One of those survivors is Brooke. KUNR is not using her real name in order to protect her identity.
She was a freshman at UNR when she was sexually assaulted two times during separate incidents. She never reported either to the police or to the Title IX office because she didn’t want to retraumatize herself and re-expose herself to the social stigma that comes with reporting.
“I would rather not see either of them again or have an adult say all these horrible things about, ‘Well, what were you wearing, what happened,’ and have to re-live two of the worst nights of my life,” Brooke says.
And she says that even choosing not to report carried its own burdens, especially when she would see her assaulters walking around campus.
“No matter what, I can’t win. If I report it, I lose. If I don’t report it, I lose. And I’m the victim in each and every situation,” Brooke says.

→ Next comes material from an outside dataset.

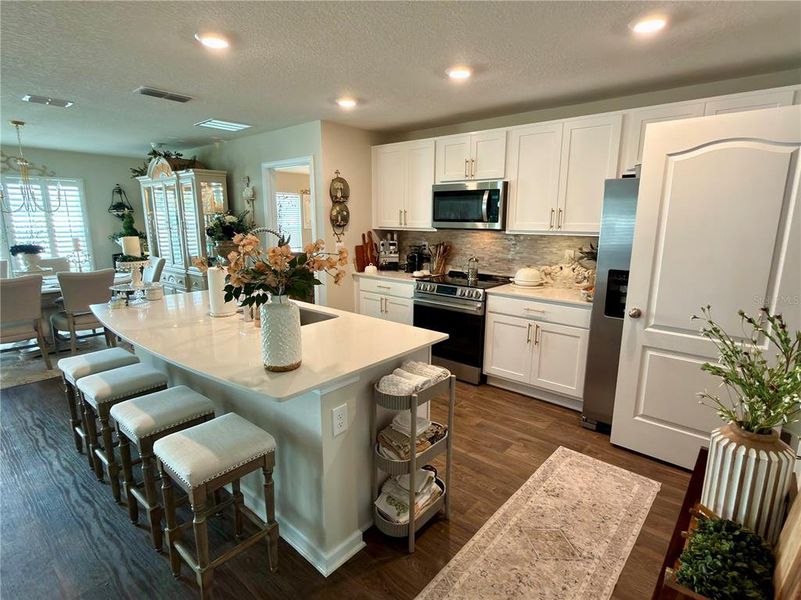 Furnished interior view inside a new home in Sawmill Branch Express, Palm Coast (Image 9).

Now victims and their advocates are waiting to see what will happen. The new guidance put out by DeVos -- which simply re-allows schools to use either preponderance or clear and convincing evidence -- is only temporary.
Until the Education Department finishes what’s called a notice and comment period, the standard process by which bureaucratic rules are written, it may still be months before there are concrete rules on how colleges should handle sexual assault.
Jacob Solis is a senior at the Reynolds School of Journalism.